TCS Daily

The Sigh-Of-Relief Binge

By Kevin Hassett - December 24, 2003 12:00 AM

One of the striking regularities in the economic data is the recurrent propensity of incumbents to do very well in elections when the economy is doing well. As Yale economist Ray Fair and a number of others have found, there is a strong and statistically significant relationship between economic data and electoral outcomes. The evidence suggests that voters give Presidents in particular a great deal of credit or blame for the state of the economy.


If that pattern continues, President Bush will be a very happy man next year. This week's final GDP report for the third quarter indicated that GDP growth was indeed as fast as preliminary estimates suggested, with blockbuster growth in consumer and business spending driving growth above 8 percent. A number of details below the top line suggest that the economy's momentum will sustain itself in the fourth quarter and into next year. Business capital spending jumped 12.8 percent, and recent orders data suggest that the surge in capital spending is the front of an enormous wave of capital purchases rather than a temporary blip. In addition, consumer spending on big-ticket items, especially automobiles, suggested that heady times are here again.


Now that the evidence is so clear that the economy has recovered, economists have begun to attempt to allocate the credit for the turnaround amongst the various candidates. Several of my economist friends and I debated the proper allocation over lunch a few days ago, and the most surprising outcome of our chat was our unanimity. Both the Democratic and Republican economists present agreed that the biggest single contributor to the explosion of growth has been the strange sequence of exogenous shocks that kept the economy on hold for almost two years. The oil shock of the election year was followed by the terrorist attacks on 9/11, which lead to war in Afghanistan and then war in Iraq. Each time the economy seemed poised to soar, another geopolitical shock occurred that signaled to economic agents that they should hold off making big decisions until the dust settled. Now that Saddam is out of power, we have experienced a lengthy period without any new shock, or even rumor of a new shock, and the result has been astonishing growth.

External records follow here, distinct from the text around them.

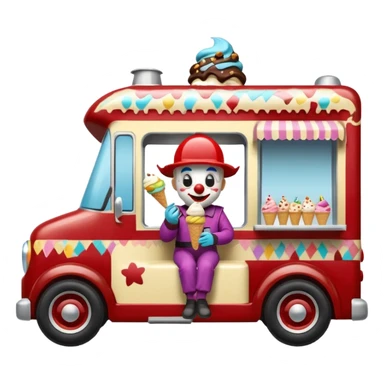 Crazy killer Klown Jenkins 4wd my monster 1924 racing ice cream with chocolate, nuts and sprinkles dream house food truck  sticker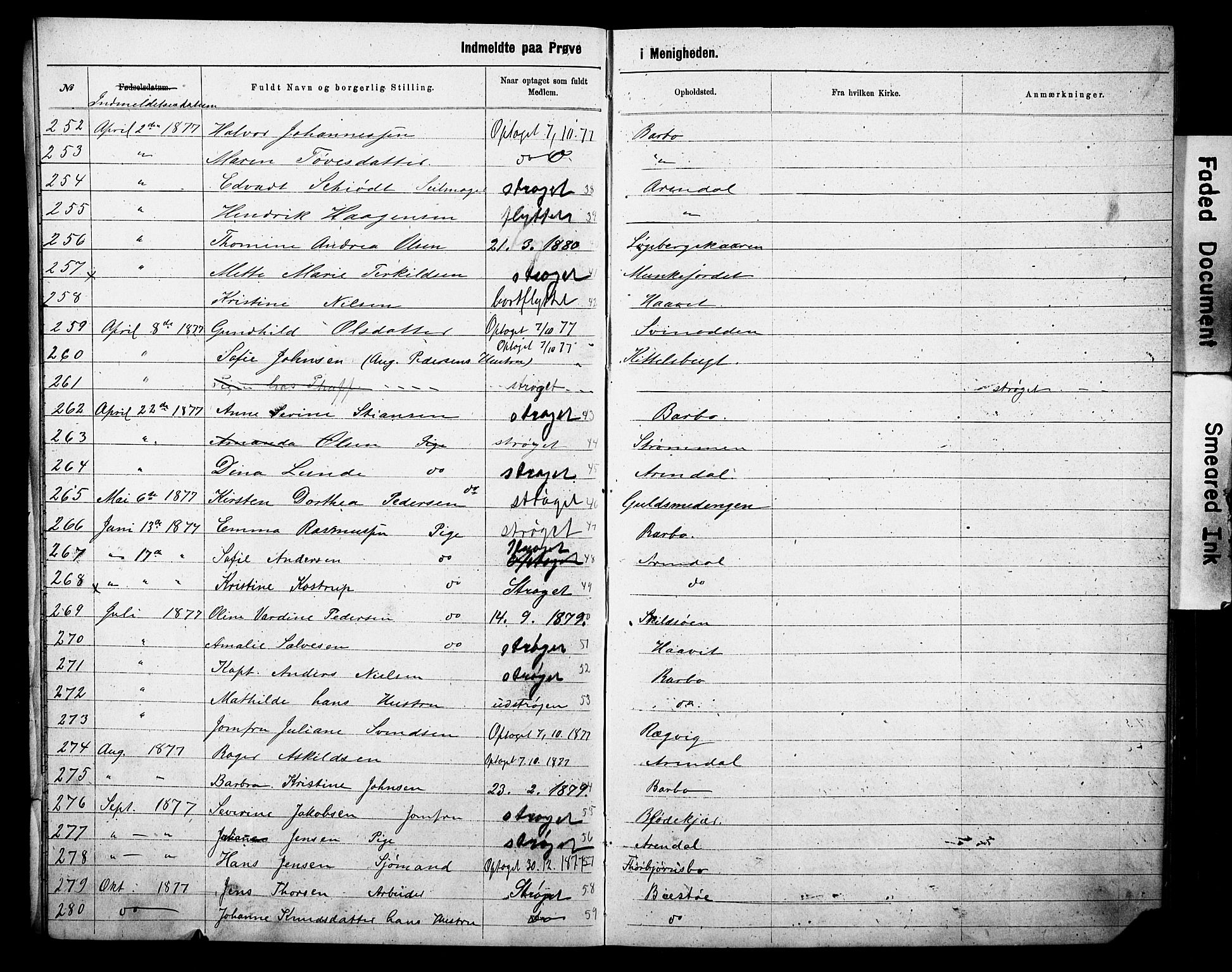 Metodistmenigheten, Arendal, AV/SAK-1292-0011/F/Fa/L0002: Dissenter register no. F-3, 1867-1884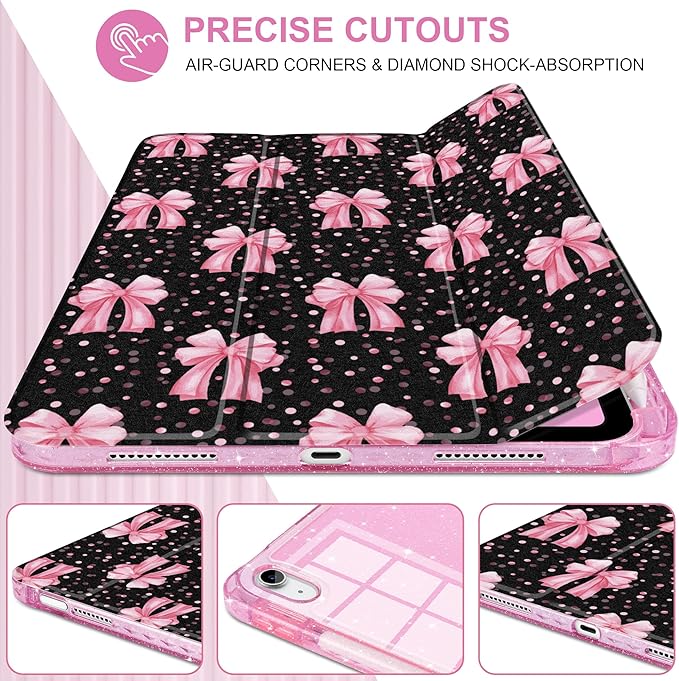 DONGKE for iPad Pro 11 inch Case – Fits M5 2025 / M4 2024 Shockproof Sparkling Glitter Acrylic Back Pencil Holder Trifold Stand Auto Sleep/Wake &amp Touch ID Support - Pink Bows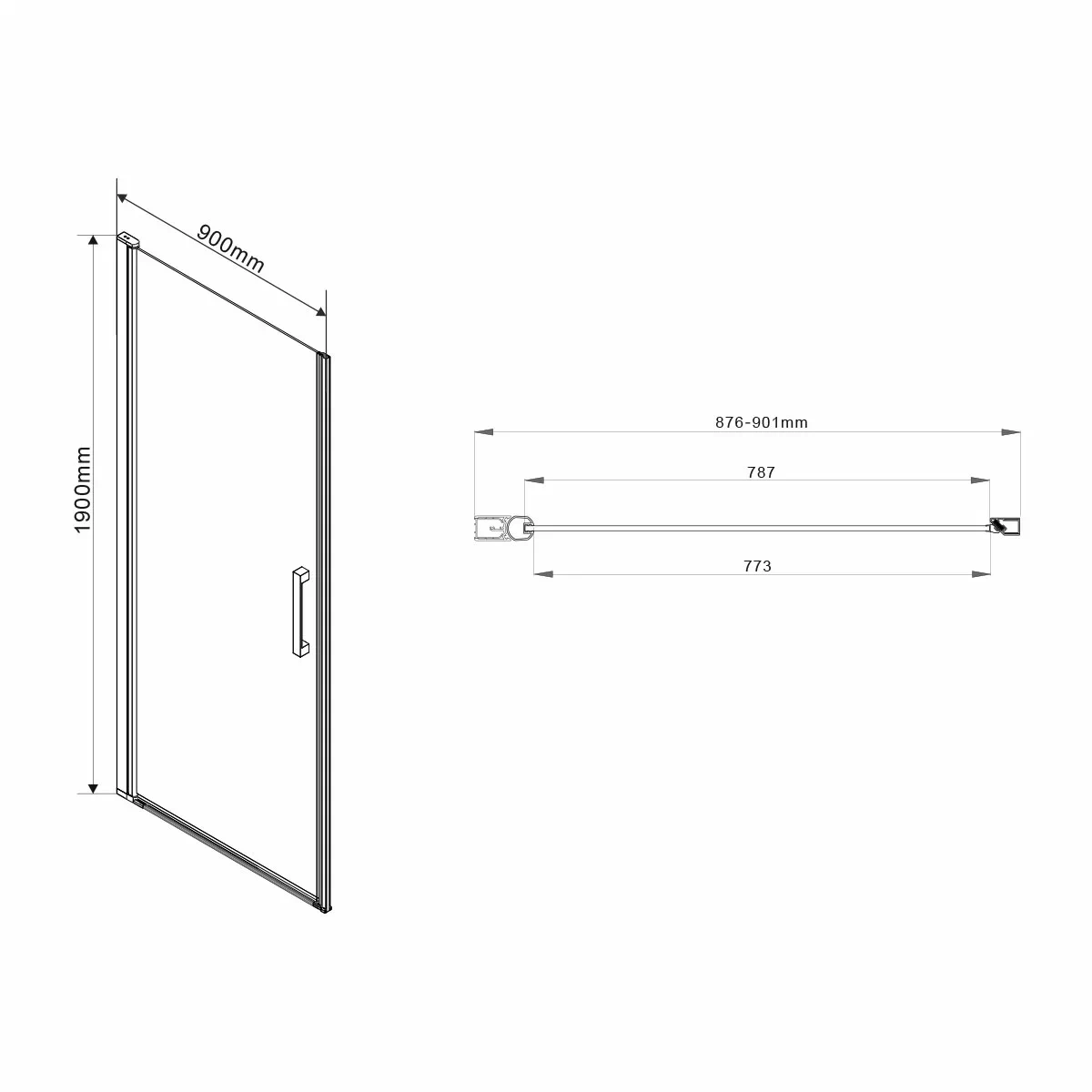 Душевая дверь Vincea Orta 90 см черный, стекло прозрачное, VDP-1O900CLB - 7 изображение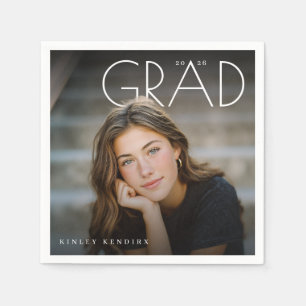 PhotoPop GRAD 2026 Graduation Party Napkin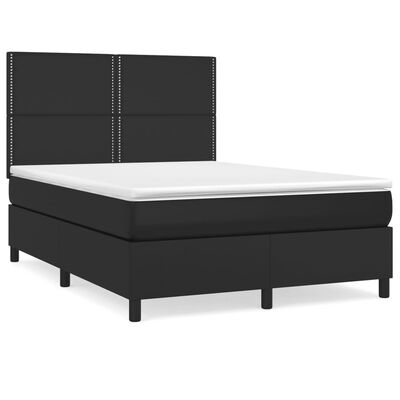 vidaXL Boxspringbett mit Matratze Schwarz 140x200 cm Kunstleder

Why is the growth so astonishing? Think of it this way. If you were nervous that you might lose your job, then you might hold off from purchasing a new car. After a year or two of repairing your old car, suppose that you received a great evaluation from your boss. That evaluation might make you feel more secure and likely to buy a car, but there is another thing contributing to that as well. Because of your prior caution, you are driving around in an especially old car! Accordingly, if collectively firms and consumers wake up from a long nightmare and decide that the sun is shining again, then they will look at their capital and durable goods and think "I need to replace that old piece of junk" and their spending will surge enormously.


This pattern is unusually striking today because of the repeated shocks. Indeed, the sigh-of-relief binge is only just beginning. Next year will likely be one of the better years on record for capital spending and GDP growth.


Tax policy has certainly helped get the binge going -- my friends and I seemed to agree that GDP growth has been about a percent higher over the past two years because of tax policy. Aggressive monetary policy has also greased the wheels. But the absence of geopolitical disruption (and the presence of so much disruption in prior years) explains our current good fortune. Good policy can help around the edges, but 8.2 percent GDP growth cannot possibly be attributed to it.


The election melodrama that will unfold next year will obscure these points. President Bush and his supporters will claim that the booming economy proves that he is a policy impresario; the Democratic challengers will claim that the growth will surely reverse itself soon because of Bush's terrible policies. Both will be wrong, but political history suggests that voters will be listening.